---------- EXTRACTED RECORDS
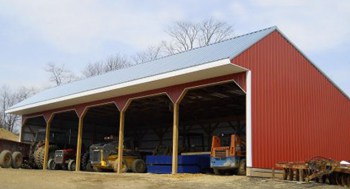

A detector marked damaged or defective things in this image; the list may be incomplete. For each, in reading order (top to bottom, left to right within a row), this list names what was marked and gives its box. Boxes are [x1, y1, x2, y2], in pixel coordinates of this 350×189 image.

rusty metal object [276, 157, 350, 188]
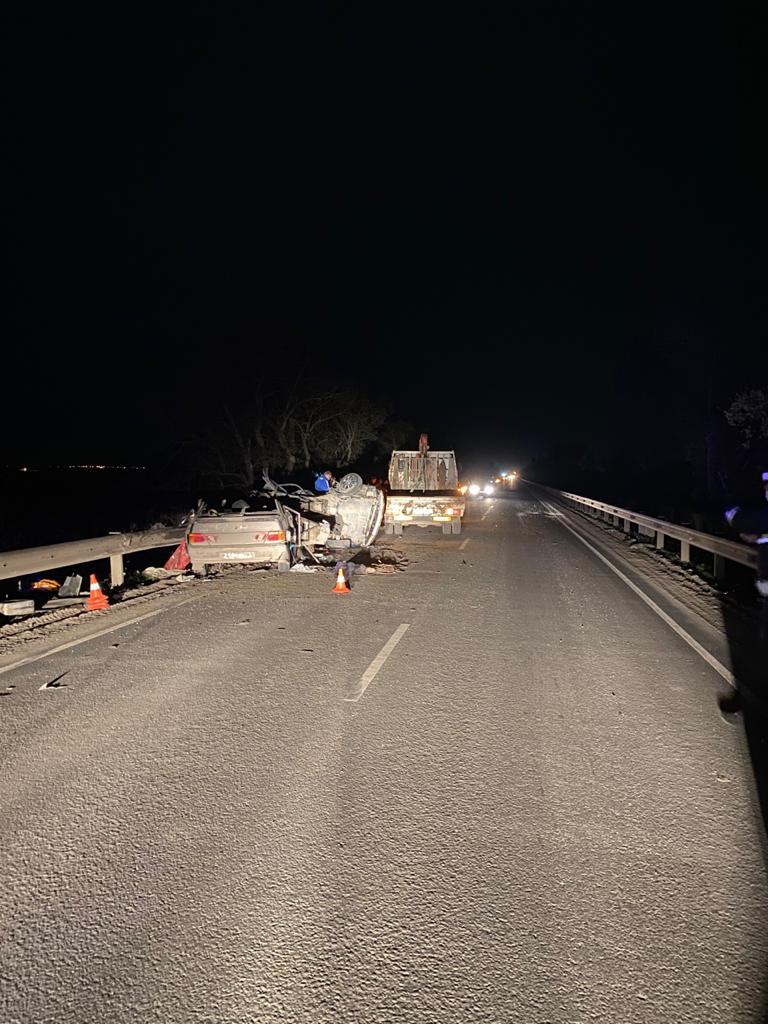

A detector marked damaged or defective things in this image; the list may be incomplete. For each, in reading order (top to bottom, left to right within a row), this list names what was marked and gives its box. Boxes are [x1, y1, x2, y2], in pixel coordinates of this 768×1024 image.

overturned vehicle [186, 473, 385, 577]
wrecked car [186, 473, 385, 577]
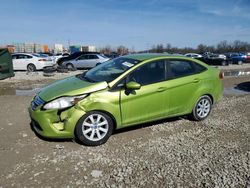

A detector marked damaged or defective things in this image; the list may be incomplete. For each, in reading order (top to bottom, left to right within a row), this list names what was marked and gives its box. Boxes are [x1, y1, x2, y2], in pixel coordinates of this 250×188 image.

cracked headlight [44, 94, 87, 110]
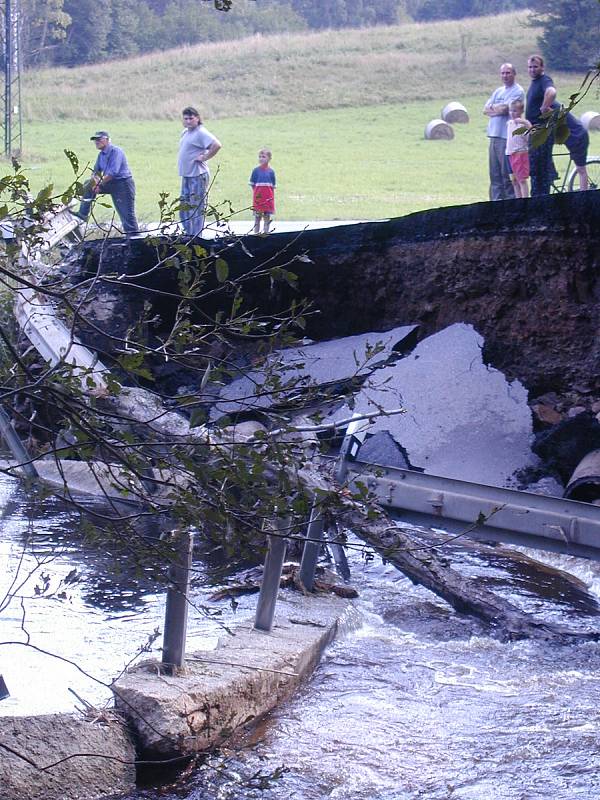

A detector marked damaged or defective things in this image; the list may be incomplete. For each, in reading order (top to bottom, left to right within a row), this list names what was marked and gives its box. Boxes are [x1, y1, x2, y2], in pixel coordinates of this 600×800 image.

bent guardrail post [0, 404, 38, 478]
broken concrete slab [211, 324, 418, 422]
broken concrete slab [342, 320, 536, 484]
bent guardrail post [162, 532, 195, 676]
bent guardrail post [253, 520, 290, 632]
bent guardrail post [298, 504, 326, 592]
broken concrete slab [115, 592, 354, 756]
broken concrete slab [0, 712, 136, 800]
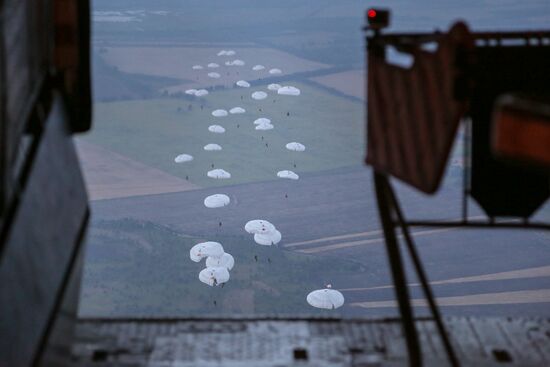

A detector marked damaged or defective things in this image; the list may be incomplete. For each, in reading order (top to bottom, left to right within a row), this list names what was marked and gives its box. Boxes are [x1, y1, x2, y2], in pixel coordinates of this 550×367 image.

rusty metal panel [366, 22, 474, 194]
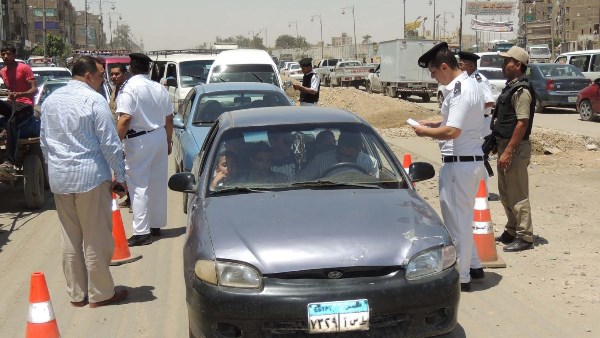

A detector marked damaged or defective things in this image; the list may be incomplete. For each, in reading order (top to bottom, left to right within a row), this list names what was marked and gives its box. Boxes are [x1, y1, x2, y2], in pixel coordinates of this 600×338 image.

cracked car hood [203, 189, 450, 276]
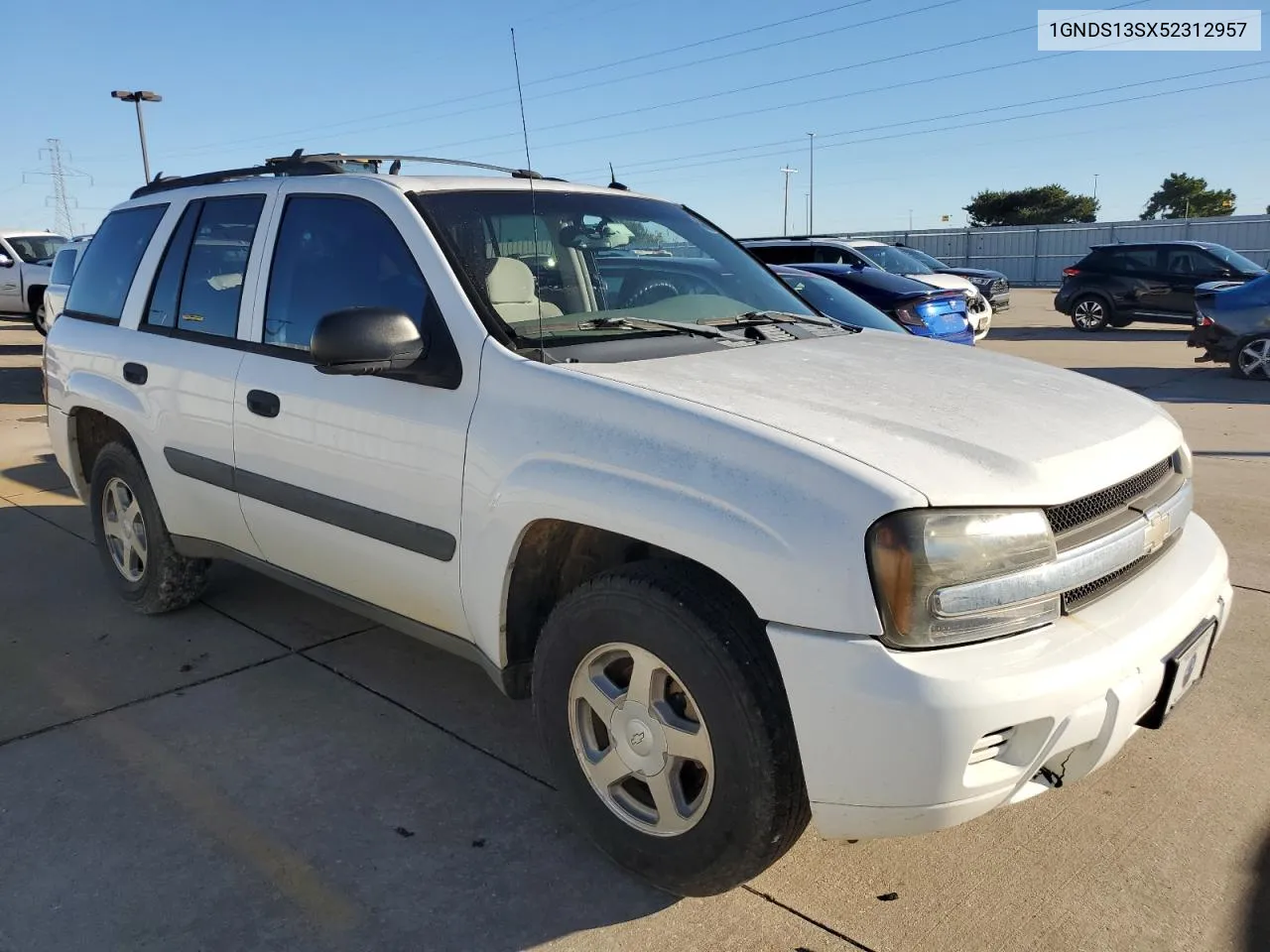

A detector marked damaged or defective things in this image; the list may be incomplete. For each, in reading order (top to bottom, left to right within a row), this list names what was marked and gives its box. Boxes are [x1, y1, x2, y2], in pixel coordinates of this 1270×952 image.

pavement crack [741, 883, 878, 949]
--------------------
HOW TO COMPLETE THIS TASK
The lines above should be transcribed exactly, with every image removed.

ANSWER TO THE PROBLEM
A detector marked damaged or defective things in this image; the list may be incomplete. For each, in reading order (top to bottom, left to right within a row), this list names what was marked and gives its box. Boxes are [x1, y1, x2, y2], in pixel coordinates of this 350×189 image.

rusty metal object [276, 157, 350, 188]

A detector marked damaged or defective things in this image; the list may be incomplete. For each, in reading order (top to bottom, left to right within a row), this list names what was marked and gives its box. Boxes are [x1, y1, x2, y2], in pixel coordinates of this 768×1024 image.

overturned vehicle [186, 473, 385, 577]
wrecked car [186, 473, 385, 577]

A detector marked damaged or defective things in this image; the list may be incomplete. For each, in reading order (top to bottom, left to right within a row), this list names what was marked and gives its box. Boxes are [x1, y1, x2, y2], in pixel coordinates of this 250×188 image.

cracked headlight [44, 94, 87, 110]

A detector marked damaged or defective things in this image; the list may be incomplete. For each, in reading order (top to bottom, left to right within a row), this list names what was marked and gives its box. Boxes are [x1, y1, x2, y2], in pixel coordinates of this 600×800 image.

bent guardrail post [0, 404, 38, 478]
broken concrete slab [211, 324, 418, 422]
broken concrete slab [342, 320, 536, 484]
bent guardrail post [162, 532, 195, 676]
bent guardrail post [253, 520, 290, 632]
bent guardrail post [298, 504, 326, 592]
broken concrete slab [115, 592, 354, 756]
broken concrete slab [0, 712, 136, 800]

A detector marked damaged or defective things in this image; the list may be incomplete. For each, in reading order (top to bottom, left to right within a row), this list names what was marked and gives its box. Boxes are [x1, y1, x2, y2], in pixel coordinates of this 550×367 image.

rusty metal panel [366, 22, 474, 194]

A detector marked damaged or defective things in this image; the list may be incomplete. For each, in reading order (top to bottom, left to right within a row), this list names what was marked and gives its box. Boxes are [x1, y1, x2, y2], in pixel coordinates of this 600×338 image.

cracked car hood [203, 189, 450, 276]

A detector marked damaged or defective things in this image; the list may be incomplete. For each, in reading order (top to bottom, left to right within a row), this list names what was marked and gives its box. Boxes are [x1, y1, x2, y2], in pixel coordinates of this 1270×952 image.

pavement crack [741, 883, 878, 949]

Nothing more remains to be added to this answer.